Looks like our forum had a sneaky mid-night make over. 



*Before:*
*i1213.photobucket.com/albums/cc480/sarathmay3/Screen%20cap/DigitTechnologyDiscussionForum3.png

*After:*
*i1213.photobucket.com/albums/cc480/sarathmay3/Screen%20cap/DigitTechnologyDiscussionForum2.png

Sorry no front face picture. 
New one is like this>

Now this is a nightmare? Did I just screw myself? I don't see the option to switch themes anymore? 
*i1213.photobucket.com/albums/cc480/sarathmay3/Screen%20cap/Ourforumnowhasanewlook--DigitTechnologyDiscussionForum5.png

♦

Old one is in your memory 

Pics coming came up!

What is your opinion about the new forum look? 

(I got FUPed so it's taking too long for the pics)


----------



## Vyom (Jan 23, 2012)

yeah.
And thanks krishnandu.sarkar for this thread.

Now, I can post my rants over here.


----------



## pramudit (Jan 23, 2012)

Great...
I was just thinking to create this thread but i am too lazy.... :lazy:


----------



## Vyom (Jan 23, 2012)

@Sarath: I hope you have the Before pic of TDF!


----------



## Liverpool_fan (Jan 23, 2012)

Vyom said:


> yeah.
> And thanks krishnandu.sarkar for this thread.
> 
> Now, I can post my rants over here.



Sarath isn't Krishnadu's alter ego.

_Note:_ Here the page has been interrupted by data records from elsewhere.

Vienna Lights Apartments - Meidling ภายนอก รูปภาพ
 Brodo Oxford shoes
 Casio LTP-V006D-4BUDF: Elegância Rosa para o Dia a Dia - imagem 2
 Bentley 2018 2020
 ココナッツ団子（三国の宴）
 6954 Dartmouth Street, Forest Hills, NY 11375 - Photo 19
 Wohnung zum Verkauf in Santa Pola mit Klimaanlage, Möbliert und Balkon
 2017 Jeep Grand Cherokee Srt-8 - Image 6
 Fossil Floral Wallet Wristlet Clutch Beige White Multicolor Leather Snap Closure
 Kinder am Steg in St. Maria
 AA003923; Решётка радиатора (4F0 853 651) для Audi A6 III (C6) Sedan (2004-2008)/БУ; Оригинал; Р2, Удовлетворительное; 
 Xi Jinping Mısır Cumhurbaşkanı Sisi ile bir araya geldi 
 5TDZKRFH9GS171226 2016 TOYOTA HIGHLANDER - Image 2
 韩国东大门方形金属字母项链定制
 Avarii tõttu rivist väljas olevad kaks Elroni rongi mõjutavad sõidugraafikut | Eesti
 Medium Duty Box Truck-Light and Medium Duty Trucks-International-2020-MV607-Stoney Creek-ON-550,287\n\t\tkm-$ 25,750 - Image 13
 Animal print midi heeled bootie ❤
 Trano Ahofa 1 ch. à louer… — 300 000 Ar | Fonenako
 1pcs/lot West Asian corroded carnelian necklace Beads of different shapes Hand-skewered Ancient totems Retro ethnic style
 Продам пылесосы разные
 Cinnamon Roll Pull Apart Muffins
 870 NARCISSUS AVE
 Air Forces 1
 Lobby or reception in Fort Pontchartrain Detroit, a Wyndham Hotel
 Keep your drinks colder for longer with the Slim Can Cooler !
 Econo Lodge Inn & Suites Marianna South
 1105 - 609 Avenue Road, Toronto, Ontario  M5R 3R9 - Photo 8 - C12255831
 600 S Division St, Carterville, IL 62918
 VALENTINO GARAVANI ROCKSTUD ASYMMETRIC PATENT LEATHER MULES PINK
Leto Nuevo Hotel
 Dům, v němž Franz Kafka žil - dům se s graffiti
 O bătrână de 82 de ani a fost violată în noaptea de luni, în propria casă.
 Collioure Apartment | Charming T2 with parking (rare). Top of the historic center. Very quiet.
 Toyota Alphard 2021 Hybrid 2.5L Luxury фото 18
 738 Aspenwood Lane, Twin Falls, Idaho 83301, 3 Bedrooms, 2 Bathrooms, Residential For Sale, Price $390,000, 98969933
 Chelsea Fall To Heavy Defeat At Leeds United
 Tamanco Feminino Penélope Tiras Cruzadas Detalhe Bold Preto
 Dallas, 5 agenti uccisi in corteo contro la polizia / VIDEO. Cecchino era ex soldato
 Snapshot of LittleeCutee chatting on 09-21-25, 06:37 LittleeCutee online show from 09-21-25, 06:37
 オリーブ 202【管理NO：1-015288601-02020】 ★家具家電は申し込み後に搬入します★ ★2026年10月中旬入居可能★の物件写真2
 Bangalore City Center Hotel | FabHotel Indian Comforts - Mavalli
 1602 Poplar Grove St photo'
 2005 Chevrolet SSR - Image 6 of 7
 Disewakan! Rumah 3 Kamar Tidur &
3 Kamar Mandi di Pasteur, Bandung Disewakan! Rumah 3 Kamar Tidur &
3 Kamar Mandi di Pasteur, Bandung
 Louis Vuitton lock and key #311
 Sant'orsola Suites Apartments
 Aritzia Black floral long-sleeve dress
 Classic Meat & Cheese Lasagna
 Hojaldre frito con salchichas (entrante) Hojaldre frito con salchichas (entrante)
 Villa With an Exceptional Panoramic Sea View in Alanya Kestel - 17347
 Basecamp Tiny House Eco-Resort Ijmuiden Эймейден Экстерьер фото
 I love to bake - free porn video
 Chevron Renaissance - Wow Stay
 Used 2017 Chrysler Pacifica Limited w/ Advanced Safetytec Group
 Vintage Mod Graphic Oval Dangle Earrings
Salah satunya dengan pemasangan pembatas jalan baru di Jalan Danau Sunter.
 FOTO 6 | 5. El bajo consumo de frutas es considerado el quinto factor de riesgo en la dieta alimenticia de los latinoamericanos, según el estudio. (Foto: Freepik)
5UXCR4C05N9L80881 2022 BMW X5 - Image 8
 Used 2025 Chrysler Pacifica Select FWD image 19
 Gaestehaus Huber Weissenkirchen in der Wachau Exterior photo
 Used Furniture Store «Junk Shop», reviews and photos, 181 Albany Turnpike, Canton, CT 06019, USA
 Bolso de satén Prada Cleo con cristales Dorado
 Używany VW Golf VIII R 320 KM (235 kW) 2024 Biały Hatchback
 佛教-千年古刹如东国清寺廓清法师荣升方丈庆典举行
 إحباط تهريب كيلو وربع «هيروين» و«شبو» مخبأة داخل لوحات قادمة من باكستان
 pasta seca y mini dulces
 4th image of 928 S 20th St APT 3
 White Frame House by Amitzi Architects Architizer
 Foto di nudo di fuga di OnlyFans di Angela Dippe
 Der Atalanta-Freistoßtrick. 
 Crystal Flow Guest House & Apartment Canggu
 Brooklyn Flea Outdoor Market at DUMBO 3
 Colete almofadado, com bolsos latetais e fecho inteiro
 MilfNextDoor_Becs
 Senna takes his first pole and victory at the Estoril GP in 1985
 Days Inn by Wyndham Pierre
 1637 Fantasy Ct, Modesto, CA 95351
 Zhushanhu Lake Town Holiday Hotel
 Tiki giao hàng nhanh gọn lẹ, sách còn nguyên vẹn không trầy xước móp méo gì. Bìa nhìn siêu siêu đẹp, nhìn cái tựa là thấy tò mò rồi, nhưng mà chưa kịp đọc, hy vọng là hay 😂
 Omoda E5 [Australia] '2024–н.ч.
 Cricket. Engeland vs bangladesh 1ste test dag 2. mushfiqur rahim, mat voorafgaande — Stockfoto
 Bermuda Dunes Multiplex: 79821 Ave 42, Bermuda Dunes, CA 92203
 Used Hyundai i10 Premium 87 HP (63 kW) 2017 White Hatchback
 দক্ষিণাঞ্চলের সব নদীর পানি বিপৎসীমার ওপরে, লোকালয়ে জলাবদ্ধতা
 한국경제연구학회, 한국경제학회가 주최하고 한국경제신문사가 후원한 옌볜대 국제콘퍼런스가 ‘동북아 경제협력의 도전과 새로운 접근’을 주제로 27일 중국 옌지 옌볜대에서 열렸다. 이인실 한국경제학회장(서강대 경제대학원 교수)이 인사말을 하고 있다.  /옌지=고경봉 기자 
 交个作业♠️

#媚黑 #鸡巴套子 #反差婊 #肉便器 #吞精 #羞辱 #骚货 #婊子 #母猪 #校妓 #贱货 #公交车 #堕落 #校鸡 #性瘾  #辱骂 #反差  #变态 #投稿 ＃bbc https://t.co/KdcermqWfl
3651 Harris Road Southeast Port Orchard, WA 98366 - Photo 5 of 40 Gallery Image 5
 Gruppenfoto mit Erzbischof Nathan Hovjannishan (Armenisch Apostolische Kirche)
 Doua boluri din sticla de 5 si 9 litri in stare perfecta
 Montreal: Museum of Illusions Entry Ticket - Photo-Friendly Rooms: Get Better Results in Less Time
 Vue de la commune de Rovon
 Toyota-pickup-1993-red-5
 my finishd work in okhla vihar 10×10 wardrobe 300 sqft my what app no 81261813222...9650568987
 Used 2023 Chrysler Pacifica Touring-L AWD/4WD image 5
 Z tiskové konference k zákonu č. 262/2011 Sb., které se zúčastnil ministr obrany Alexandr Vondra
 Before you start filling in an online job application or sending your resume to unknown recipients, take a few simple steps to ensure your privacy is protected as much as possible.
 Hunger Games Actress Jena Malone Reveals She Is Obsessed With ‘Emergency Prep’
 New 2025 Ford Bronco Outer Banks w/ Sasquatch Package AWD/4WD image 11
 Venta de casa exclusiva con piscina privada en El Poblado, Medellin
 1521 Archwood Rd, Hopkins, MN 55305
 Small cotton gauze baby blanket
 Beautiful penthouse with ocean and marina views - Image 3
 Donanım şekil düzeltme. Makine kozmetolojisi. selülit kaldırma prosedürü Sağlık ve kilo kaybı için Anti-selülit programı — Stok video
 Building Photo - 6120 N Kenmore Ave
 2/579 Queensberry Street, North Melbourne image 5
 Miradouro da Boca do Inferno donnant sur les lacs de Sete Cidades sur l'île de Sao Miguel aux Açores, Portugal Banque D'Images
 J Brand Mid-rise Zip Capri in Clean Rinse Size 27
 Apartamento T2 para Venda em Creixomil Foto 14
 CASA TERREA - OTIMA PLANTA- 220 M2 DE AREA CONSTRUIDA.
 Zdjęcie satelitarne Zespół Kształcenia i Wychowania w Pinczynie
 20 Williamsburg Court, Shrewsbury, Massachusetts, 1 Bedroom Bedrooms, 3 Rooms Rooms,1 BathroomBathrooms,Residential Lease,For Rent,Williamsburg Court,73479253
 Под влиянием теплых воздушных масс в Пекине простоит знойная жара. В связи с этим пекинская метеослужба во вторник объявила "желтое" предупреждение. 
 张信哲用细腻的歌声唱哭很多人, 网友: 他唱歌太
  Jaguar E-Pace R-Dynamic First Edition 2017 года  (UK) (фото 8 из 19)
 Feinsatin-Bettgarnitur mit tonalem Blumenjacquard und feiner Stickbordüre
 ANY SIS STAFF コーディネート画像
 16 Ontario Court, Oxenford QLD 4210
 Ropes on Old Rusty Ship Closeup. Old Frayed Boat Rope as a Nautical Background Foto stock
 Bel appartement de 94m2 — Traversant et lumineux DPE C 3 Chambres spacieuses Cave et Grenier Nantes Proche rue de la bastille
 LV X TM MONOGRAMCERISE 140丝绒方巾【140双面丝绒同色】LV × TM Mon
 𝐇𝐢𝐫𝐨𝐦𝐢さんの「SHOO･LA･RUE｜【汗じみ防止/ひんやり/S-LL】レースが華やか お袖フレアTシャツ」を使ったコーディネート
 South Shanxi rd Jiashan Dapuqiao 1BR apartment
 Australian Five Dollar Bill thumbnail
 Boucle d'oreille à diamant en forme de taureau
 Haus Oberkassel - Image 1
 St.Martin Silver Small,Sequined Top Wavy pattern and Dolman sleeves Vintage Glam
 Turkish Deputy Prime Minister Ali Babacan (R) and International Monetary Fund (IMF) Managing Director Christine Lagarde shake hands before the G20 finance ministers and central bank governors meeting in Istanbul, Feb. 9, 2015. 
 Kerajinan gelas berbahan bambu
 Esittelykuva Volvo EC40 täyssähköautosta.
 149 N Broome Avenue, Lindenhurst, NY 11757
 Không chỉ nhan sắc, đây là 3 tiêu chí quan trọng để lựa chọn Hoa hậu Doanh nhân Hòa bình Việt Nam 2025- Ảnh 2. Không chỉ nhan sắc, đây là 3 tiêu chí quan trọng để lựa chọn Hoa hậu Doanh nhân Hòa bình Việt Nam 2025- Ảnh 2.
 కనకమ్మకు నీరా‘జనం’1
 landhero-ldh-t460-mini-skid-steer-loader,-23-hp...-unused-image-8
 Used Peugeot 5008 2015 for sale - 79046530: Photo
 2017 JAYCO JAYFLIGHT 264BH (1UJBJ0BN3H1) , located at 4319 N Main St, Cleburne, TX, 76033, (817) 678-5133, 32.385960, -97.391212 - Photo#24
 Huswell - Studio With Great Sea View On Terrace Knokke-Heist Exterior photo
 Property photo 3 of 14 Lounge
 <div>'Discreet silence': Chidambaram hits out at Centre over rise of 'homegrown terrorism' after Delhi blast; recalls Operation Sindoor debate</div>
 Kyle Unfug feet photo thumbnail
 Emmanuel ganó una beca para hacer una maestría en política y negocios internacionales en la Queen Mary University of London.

Just saying.


----------



## d6bmg (Jan 23, 2012)

Just saw.. Minor changes. No thinkdigit logo.


----------



## ico (Jan 23, 2012)

This is not final. I will revert back to the old one before i go to sleep.


----------



## pramudit (Jan 23, 2012)

So did you guys like this new theme...?
I liked it.. Its better now...


----------



## krishnandu.sarkar (Jan 23, 2012)

Hey why thanks to me??

Thank Sarath instead


----------



## Sarath (Jan 23, 2012)

I was getting too many adverts BTW. Like way too many. It's not there anymore.


----------



## Alok (Jan 23, 2012)

ICO said he is working on mobile theme. This is great news for many mobile users(without Taptalk)
thank you ico !


----------



## sygeek (Jan 23, 2012)

You can now change the theme from the client-side. There's an option at the bottom-left.


----------



## pramudit (Jan 23, 2012)

@sarath change theme from bottom drop down menu and take pics from there...!


----------



## sygeek (Jan 23, 2012)

Kola2842 said:


> ICO said he is working on mobile theme. This is great news for many mobile users(without Taptalk)
> thank you ico !


Great news indeed


----------



## Vyom (Jan 23, 2012)

Liverpool_fan said:


> Sarath isn't Krishnadu's alter ego. Just saying.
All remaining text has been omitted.